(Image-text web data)
★ ★ ★ ★

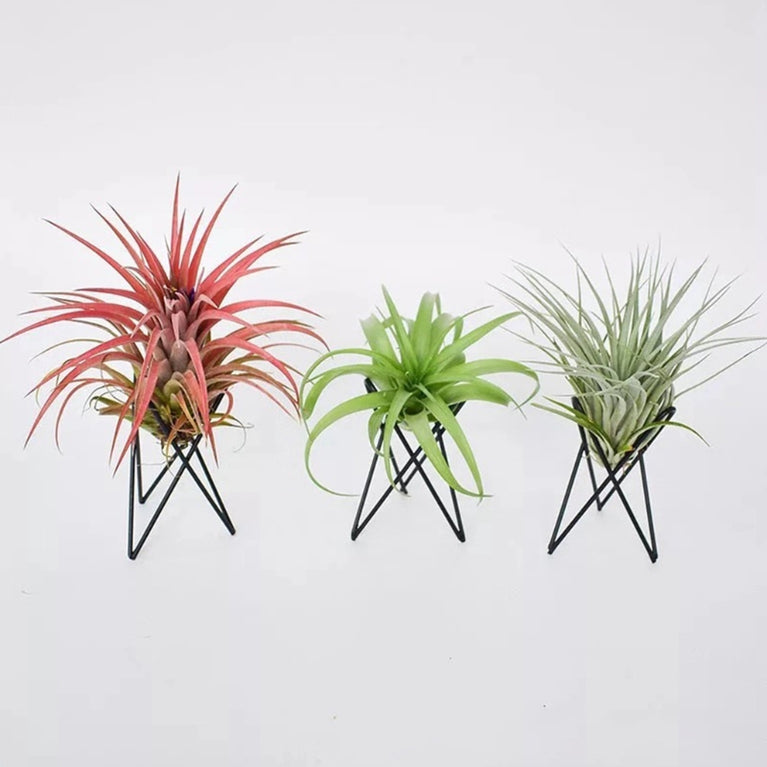 Style Geometric Air Plant Holder | Minimalist Iron Tillandsia Display Stand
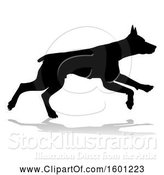 Vector Illustration of Silhouetted Dobermann Dog, with a Reflection or Shadow, on a White Background by AtStockIllustration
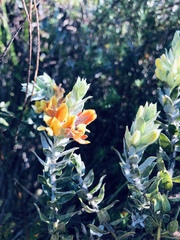 Xiphotheca lanceolata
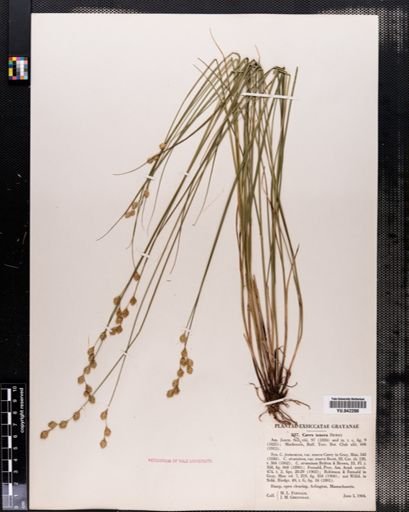 Carex tenera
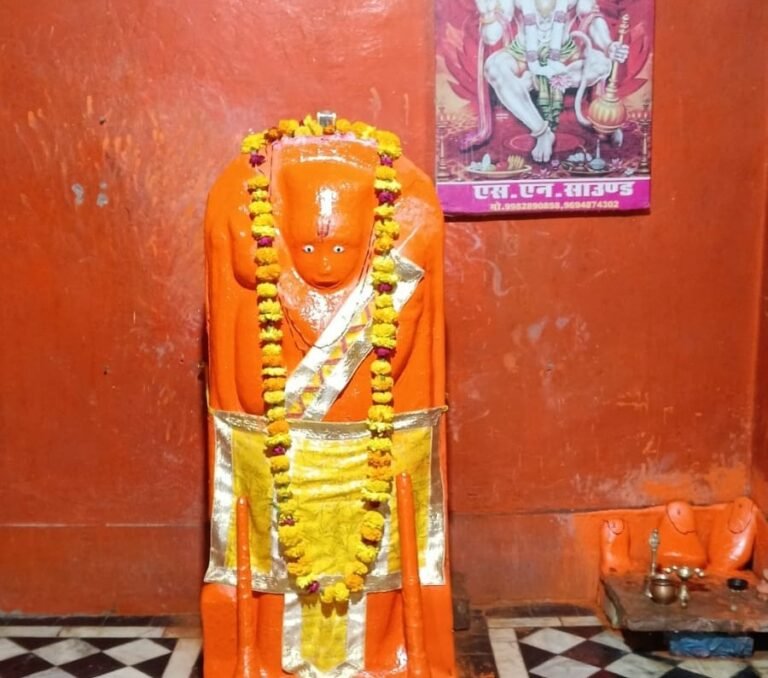 Bag Wale Balaji Mahotsav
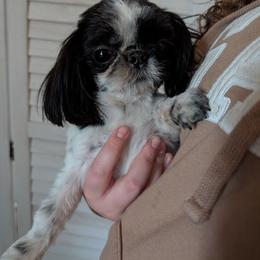 Snoopy - Black and white male Shih Tzu puppy in West Pawlet, Vermont from Morgan's Shih Tzus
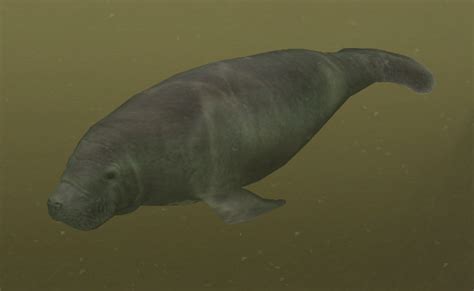 Amazonian Manatee | Endless Ocean Wiki | Fandom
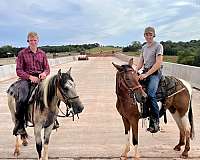 barrel-racing-quarter-horse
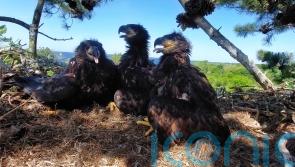 Conservationists welcome five new white-tailed eagle chicks in Clare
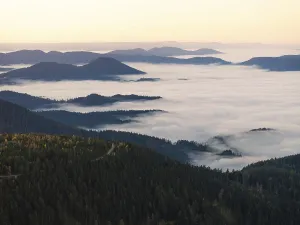 Misty mountains and forests at dawn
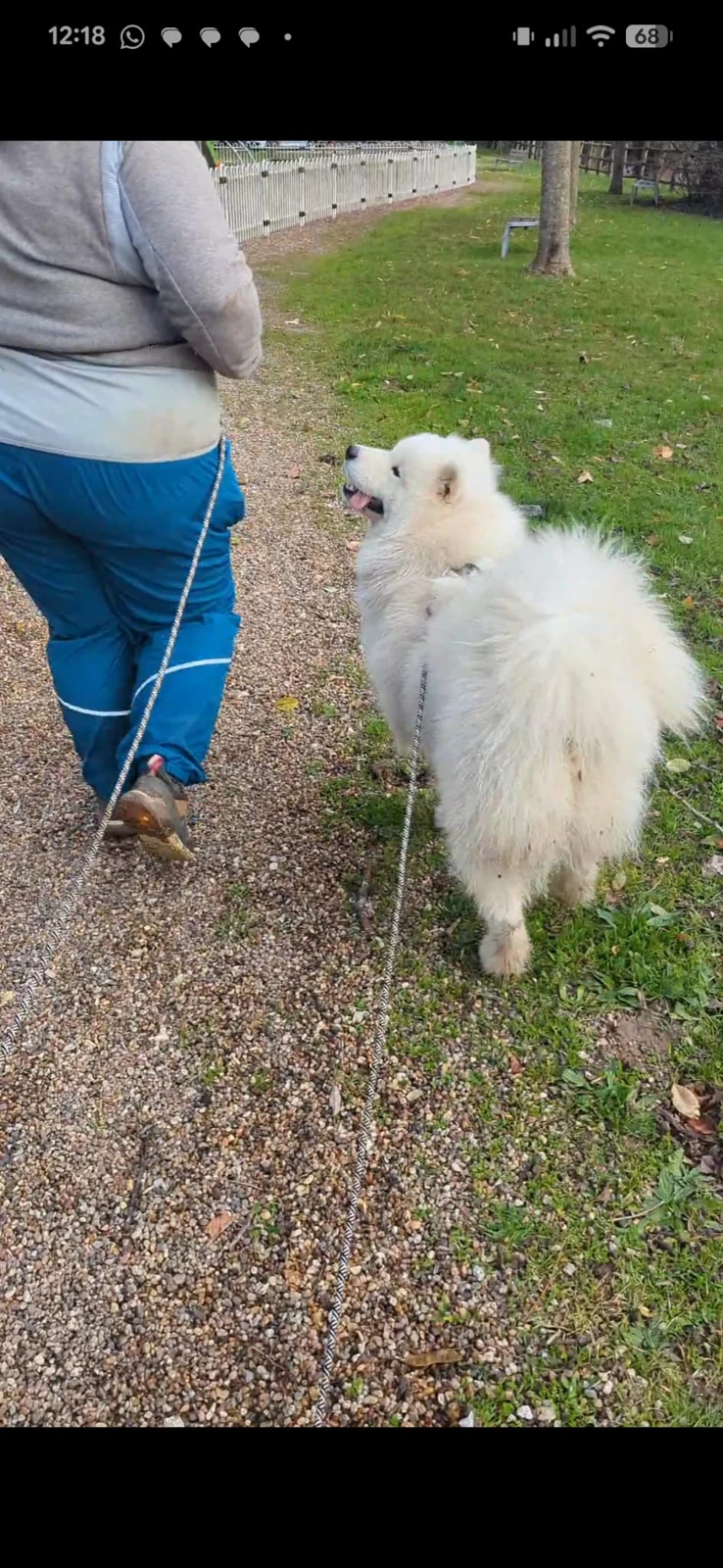 Chien blanc en promenade en laisse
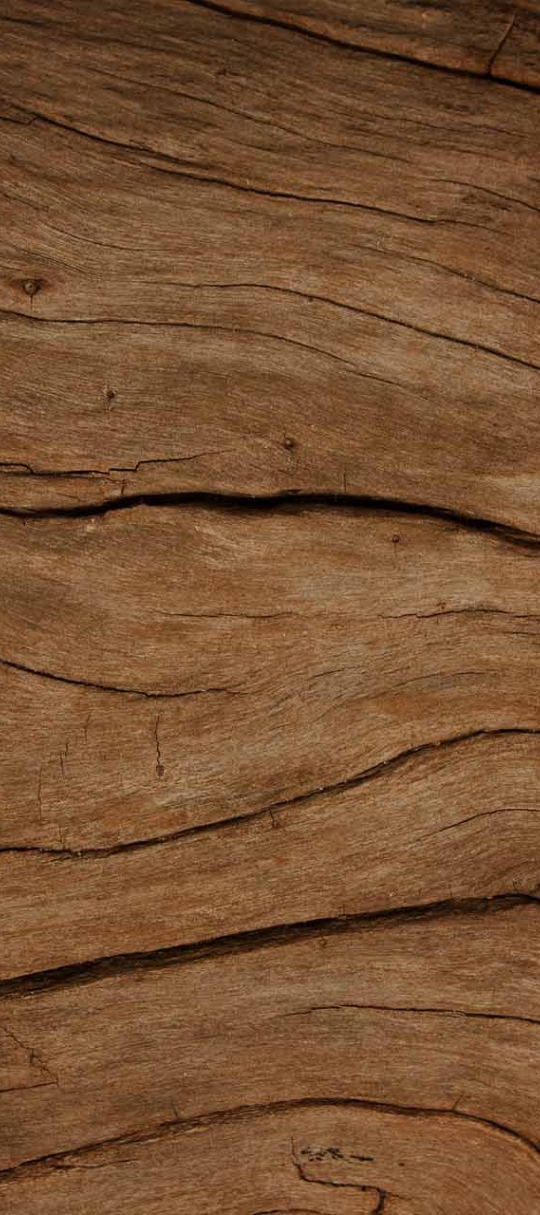 Vi har valgt træ. </br> Og træ har valgt os..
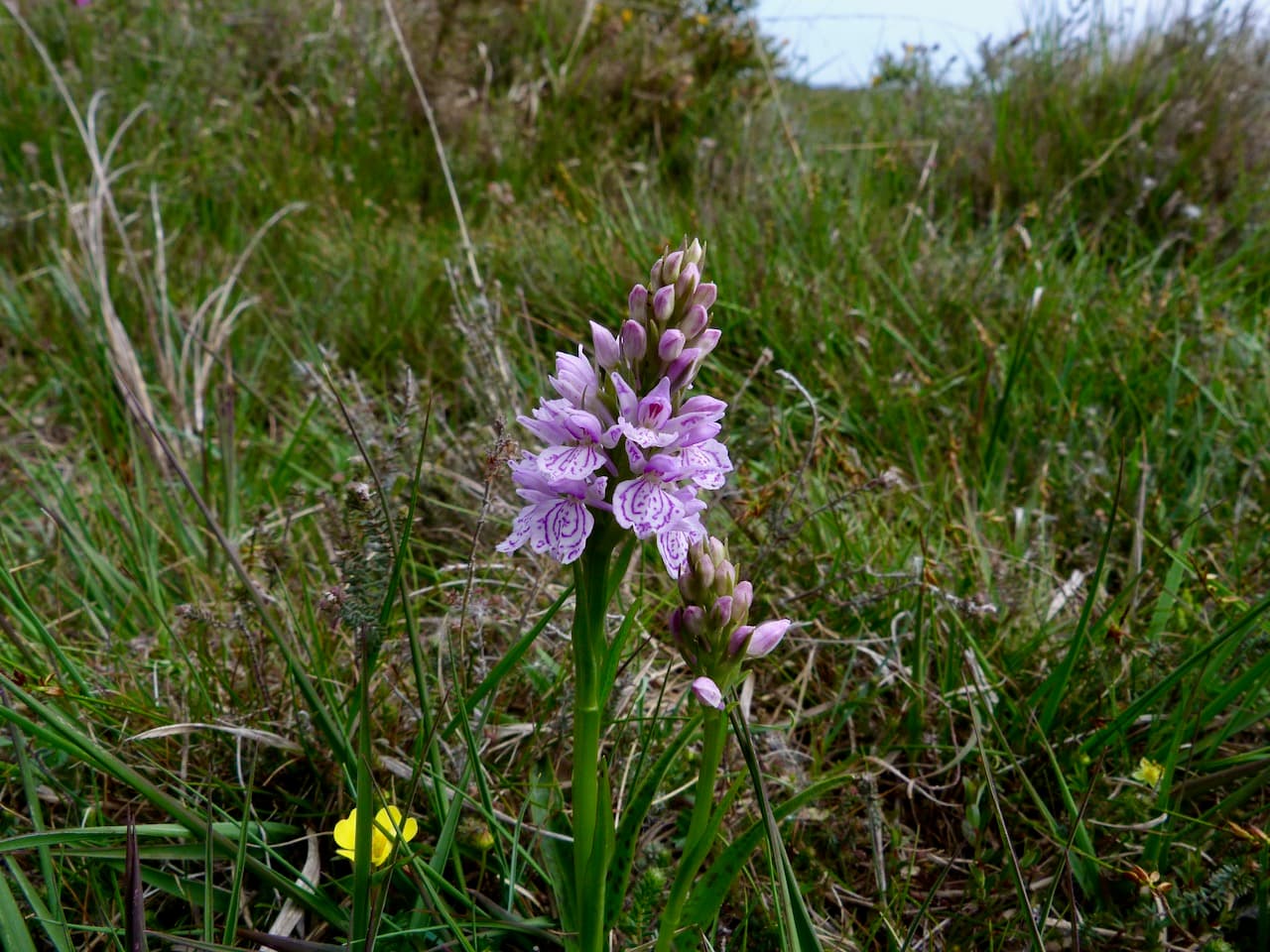 Hartland Moor National Nature Reserve Dorset - Image 1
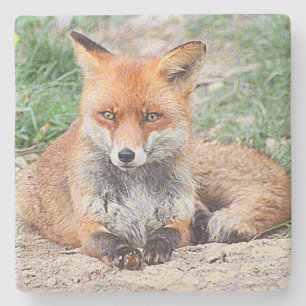 Porta-copo De Pedra AnimalPaint_Fox_20171201_by_JAMColors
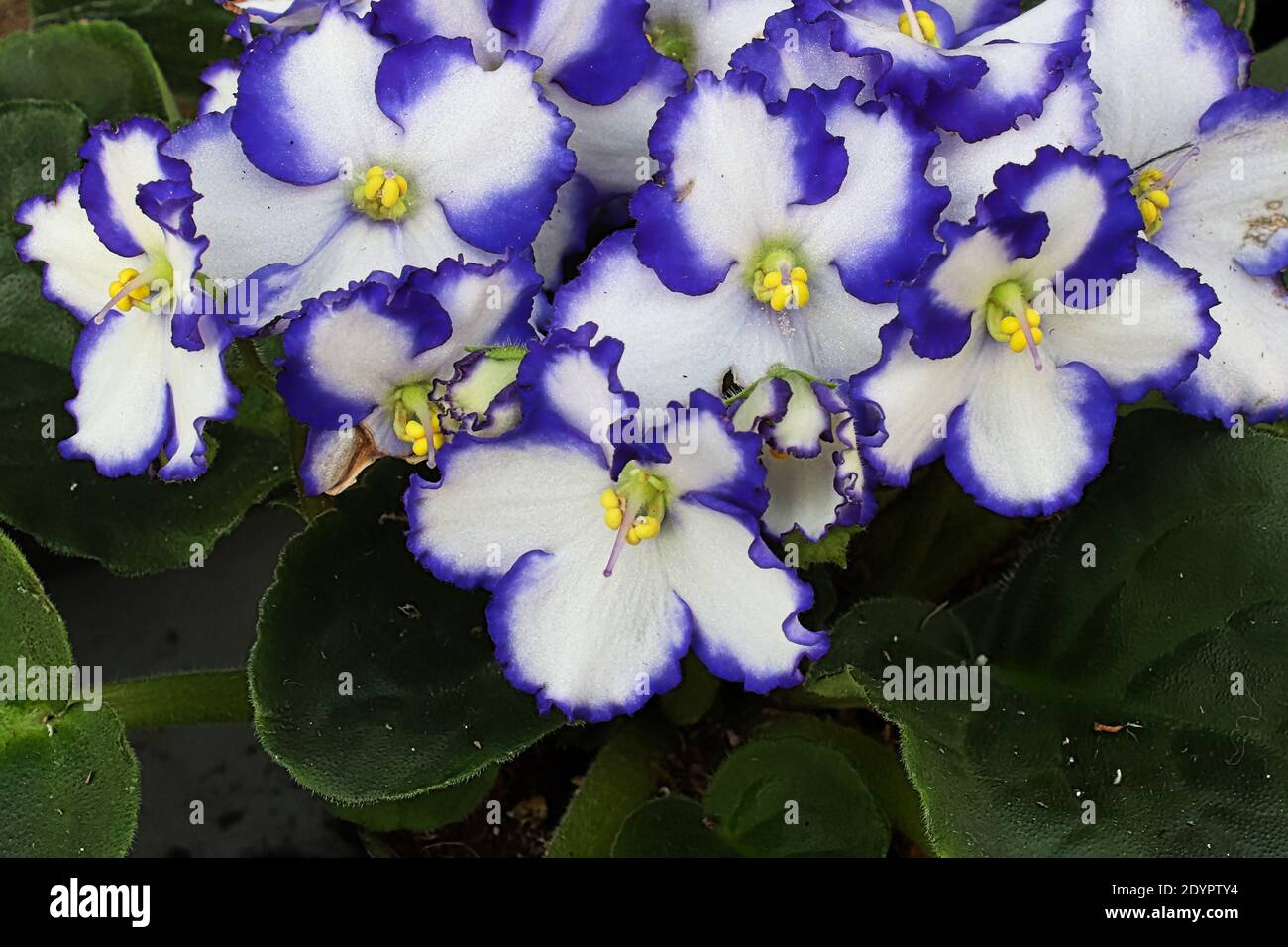 Closeup of blue and white african violet blossoms. Stock Photo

★ ★ ★ ★

*Directions*.
Pictures excluded, return exactly the lines from the one with "Vector Illustration of" through the final line of the entries above, both included.

*Answer section*.
 Vector Illustration of Silhouetted Dobermann Dog, with a Reflection or Shadow, on a White Background by AtStockIllustration
 Xiphotheca lanceolata
 Carex tenera
 Bag Wale Balaji Mahotsav
 Snoopy - Black and white male Shih Tzu puppy in West Pawlet, Vermont from Morgan's Shih Tzus
 Amazonian Manatee | Endless Ocean Wiki | Fandom
 barrel-racing-quarter-horse
 Conservationists welcome five new white-tailed eagle chicks in Clare
 Misty mountains and forests at dawn
 Chien blanc en promenade en laisse
 Vi har valgt træ. </br> Og træ har valgt os..
 Hartland Moor National Nature Reserve Dorset - Image 1
 Porta-copo De Pedra AnimalPaint_Fox_20171201_by_JAMColors
 Closeup of blue and white african violet blossoms. Stock Photo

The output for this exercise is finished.